*** Begin section ***

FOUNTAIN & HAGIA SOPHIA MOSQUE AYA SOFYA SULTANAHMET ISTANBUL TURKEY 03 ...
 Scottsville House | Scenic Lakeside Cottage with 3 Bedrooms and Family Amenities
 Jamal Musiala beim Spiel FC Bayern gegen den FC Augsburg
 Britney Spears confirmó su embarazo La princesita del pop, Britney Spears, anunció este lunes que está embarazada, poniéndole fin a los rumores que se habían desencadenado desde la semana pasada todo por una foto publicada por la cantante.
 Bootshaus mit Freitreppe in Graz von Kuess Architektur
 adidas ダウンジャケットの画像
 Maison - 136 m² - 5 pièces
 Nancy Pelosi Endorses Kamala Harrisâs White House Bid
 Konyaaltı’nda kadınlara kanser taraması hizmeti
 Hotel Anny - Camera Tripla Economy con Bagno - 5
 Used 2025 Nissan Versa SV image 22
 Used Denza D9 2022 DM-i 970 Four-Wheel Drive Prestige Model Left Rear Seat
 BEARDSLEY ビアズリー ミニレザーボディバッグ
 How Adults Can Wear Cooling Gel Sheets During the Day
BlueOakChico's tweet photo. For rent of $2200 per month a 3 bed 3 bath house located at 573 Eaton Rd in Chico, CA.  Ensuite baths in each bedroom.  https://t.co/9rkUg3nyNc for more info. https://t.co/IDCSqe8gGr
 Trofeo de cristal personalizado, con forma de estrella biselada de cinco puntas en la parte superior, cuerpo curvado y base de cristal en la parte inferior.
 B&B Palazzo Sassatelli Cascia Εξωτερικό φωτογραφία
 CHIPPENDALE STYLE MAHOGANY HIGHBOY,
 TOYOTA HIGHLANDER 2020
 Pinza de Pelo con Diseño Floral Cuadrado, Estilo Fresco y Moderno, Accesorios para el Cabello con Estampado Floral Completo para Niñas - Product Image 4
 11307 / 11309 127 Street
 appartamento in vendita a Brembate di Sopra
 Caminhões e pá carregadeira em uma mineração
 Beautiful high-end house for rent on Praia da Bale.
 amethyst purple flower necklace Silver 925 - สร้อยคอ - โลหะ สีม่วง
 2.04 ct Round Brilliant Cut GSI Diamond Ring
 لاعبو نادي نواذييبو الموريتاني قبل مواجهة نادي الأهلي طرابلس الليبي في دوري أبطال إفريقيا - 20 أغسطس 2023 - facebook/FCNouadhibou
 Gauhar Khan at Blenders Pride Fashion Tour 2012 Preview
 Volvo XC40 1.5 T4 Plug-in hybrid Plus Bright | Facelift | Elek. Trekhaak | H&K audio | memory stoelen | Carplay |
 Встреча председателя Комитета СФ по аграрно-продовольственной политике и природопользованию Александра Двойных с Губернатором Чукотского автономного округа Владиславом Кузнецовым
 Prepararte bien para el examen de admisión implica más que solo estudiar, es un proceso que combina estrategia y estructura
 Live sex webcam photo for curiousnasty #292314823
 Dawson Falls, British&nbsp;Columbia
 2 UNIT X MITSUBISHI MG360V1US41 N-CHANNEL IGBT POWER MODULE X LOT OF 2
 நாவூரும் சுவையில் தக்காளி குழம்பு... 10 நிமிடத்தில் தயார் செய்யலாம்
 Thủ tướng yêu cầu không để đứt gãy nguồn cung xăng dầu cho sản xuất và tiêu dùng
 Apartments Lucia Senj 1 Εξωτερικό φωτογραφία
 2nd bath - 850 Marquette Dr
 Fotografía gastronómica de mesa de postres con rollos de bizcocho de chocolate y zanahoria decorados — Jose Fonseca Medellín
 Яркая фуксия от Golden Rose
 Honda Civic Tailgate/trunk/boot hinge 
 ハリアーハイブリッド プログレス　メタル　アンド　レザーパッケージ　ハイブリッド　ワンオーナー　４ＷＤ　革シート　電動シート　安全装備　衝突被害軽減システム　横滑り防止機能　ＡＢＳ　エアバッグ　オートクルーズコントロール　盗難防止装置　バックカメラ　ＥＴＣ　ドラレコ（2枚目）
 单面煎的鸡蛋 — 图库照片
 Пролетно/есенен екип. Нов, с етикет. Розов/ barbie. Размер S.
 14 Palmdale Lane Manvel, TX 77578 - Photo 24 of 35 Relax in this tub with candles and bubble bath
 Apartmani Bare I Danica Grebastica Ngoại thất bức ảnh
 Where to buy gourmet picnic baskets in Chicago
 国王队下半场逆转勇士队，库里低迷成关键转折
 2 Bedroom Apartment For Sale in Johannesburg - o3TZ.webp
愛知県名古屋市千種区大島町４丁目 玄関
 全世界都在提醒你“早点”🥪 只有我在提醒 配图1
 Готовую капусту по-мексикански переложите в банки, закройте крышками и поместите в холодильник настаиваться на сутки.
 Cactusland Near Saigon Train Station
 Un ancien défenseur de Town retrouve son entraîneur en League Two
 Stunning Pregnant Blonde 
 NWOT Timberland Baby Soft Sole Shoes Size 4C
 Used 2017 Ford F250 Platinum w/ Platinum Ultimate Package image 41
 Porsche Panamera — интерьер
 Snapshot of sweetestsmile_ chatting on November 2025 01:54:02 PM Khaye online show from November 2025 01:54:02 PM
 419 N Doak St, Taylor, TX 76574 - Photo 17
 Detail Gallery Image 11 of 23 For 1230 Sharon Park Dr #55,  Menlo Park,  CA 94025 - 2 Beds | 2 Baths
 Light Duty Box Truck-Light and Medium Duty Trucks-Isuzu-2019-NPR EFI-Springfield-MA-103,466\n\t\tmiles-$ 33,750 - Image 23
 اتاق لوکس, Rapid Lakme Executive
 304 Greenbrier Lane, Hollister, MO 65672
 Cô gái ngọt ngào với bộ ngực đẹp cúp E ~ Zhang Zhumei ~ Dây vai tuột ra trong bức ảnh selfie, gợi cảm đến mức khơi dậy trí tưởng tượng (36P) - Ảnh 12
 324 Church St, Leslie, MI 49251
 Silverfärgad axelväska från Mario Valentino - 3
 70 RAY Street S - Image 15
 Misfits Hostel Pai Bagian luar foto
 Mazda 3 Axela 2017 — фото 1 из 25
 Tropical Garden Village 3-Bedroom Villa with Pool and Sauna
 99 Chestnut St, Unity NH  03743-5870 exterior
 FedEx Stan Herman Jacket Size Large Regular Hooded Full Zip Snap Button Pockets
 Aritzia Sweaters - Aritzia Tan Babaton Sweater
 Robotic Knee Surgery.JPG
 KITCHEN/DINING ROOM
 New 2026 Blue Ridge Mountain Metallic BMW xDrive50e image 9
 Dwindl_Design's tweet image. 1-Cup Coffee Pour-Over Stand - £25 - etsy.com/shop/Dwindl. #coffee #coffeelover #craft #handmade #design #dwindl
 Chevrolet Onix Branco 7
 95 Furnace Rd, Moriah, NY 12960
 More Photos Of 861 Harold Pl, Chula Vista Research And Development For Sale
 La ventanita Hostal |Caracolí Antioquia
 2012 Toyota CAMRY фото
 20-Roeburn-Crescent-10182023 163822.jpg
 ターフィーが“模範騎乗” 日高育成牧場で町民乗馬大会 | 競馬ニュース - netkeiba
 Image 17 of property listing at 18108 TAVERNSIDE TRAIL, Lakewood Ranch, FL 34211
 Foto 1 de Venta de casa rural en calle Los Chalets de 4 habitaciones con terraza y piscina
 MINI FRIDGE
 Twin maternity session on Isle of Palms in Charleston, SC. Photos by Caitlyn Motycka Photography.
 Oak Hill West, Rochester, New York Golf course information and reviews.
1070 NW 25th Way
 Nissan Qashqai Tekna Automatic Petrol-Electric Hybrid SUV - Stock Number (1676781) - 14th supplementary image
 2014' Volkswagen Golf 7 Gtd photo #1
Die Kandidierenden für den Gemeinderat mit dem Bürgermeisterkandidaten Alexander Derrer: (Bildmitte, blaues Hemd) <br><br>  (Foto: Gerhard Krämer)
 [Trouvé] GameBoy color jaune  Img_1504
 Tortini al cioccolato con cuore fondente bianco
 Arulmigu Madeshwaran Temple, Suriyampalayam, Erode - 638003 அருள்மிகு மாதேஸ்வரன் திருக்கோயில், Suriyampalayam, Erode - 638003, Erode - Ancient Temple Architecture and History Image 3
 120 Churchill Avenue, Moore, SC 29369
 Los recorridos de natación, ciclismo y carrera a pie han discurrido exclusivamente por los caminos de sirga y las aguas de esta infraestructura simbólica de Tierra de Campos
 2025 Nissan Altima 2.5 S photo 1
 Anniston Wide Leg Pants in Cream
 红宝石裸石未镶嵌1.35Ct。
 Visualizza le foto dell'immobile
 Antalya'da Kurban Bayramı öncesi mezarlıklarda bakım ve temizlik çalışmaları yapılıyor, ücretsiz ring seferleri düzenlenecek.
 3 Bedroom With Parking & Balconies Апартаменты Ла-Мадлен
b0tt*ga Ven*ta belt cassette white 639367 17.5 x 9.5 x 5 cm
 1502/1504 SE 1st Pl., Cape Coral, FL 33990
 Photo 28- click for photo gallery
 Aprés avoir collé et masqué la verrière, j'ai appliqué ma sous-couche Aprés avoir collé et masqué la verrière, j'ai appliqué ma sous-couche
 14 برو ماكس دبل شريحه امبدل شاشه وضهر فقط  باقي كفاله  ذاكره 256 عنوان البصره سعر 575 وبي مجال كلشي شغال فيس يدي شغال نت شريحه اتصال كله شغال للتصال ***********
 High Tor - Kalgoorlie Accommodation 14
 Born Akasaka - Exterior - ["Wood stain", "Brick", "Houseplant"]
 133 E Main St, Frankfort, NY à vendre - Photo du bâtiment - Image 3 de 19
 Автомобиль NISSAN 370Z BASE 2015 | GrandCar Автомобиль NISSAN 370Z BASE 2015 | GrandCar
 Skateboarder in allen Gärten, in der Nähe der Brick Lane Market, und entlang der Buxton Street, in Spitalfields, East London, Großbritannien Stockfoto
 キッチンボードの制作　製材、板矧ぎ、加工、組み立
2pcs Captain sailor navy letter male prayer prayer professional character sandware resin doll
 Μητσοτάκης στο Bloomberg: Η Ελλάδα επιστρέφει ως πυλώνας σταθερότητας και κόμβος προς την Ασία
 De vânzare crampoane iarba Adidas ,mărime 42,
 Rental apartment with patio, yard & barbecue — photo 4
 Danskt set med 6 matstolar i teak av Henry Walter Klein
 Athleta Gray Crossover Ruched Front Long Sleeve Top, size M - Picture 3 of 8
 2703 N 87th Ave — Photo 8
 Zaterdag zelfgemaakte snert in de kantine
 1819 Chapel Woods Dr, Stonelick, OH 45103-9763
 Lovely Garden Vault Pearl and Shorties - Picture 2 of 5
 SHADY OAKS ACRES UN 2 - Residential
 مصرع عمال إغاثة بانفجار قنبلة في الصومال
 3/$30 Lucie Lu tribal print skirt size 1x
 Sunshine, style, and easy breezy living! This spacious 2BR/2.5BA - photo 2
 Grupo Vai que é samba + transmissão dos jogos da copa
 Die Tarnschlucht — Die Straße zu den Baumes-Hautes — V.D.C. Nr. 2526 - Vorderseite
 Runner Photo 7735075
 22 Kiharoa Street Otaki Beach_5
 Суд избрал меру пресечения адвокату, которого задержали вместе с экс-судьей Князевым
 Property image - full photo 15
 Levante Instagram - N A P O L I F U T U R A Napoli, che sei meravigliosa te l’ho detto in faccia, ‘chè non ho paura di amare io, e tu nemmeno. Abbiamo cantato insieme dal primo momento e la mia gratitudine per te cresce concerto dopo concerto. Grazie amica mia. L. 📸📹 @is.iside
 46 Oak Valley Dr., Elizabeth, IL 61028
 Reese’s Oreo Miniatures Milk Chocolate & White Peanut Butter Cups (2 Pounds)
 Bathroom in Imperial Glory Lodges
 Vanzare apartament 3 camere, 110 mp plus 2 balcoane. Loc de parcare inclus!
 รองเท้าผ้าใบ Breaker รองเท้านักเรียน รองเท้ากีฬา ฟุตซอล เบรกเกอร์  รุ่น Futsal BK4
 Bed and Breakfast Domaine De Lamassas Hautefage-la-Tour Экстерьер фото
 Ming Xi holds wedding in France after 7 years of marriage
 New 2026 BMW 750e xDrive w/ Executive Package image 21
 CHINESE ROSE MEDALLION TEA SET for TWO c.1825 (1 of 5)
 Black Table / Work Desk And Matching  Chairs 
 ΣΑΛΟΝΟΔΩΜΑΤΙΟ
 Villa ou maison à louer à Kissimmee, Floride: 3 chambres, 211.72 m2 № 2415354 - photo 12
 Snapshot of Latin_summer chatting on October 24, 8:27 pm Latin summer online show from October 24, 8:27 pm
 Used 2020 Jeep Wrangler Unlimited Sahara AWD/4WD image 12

*** End section ***

### Your goal
Collect, from the material above, every line containing the word "Used".

### Solution for this exercise
 Used 2025 Nissan Versa SV image 22
 Used Denza D9 2022 DM-i 970 Four-Wheel Drive Prestige Model Left Rear Seat
 Used 2017 Ford F250 Platinum w/ Platinum Ultimate Package image 41
 Used 2020 Jeep Wrangler Unlimited Sahara AWD/4WD image 12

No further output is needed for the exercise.